• [DATA RECORDS]:
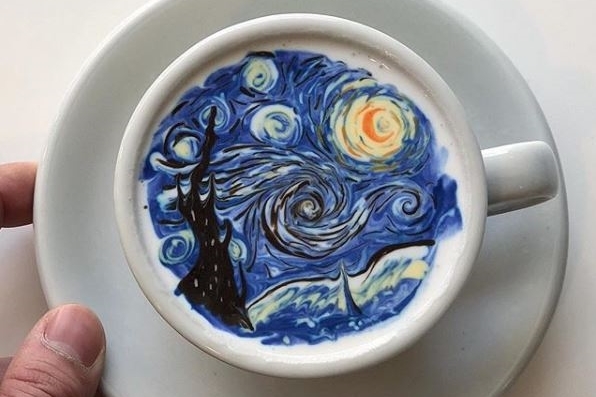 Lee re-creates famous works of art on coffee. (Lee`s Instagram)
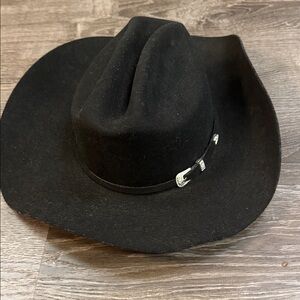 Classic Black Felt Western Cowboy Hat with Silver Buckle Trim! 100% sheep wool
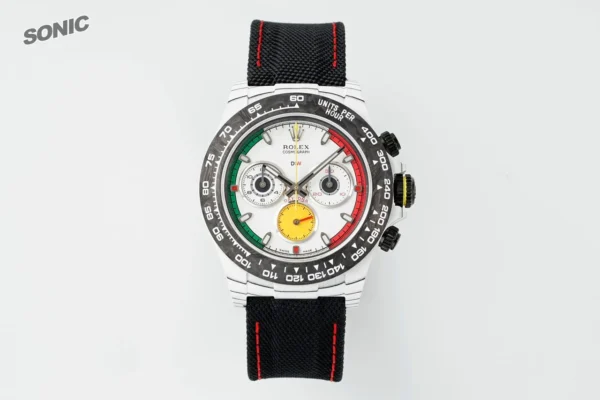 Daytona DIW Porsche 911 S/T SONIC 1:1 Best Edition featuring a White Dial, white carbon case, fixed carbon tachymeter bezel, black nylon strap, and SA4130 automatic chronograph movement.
...
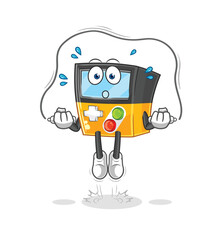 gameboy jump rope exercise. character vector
--
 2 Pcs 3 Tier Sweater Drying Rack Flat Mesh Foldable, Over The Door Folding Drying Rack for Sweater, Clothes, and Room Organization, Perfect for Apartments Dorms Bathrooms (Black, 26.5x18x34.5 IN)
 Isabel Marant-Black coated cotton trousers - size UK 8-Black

• [YOUR ASSIGNMENT]: Would you copy out exactly the lines above that start at the one containing "2 Pcs 3 Tier" and end at the one containing "Isabel Marant-Black coated", inclusive?

• [OUTPUT BELOW]:
 2 Pcs 3 Tier Sweater Drying Rack Flat Mesh Foldable, Over The Door Folding Drying Rack for Sweater, Clothes, and Room Organization, Perfect for Apartments Dorms Bathrooms (Black, 26.5x18x34.5 IN)
 Isabel Marant-Black coated cotton trousers - size UK 8-Black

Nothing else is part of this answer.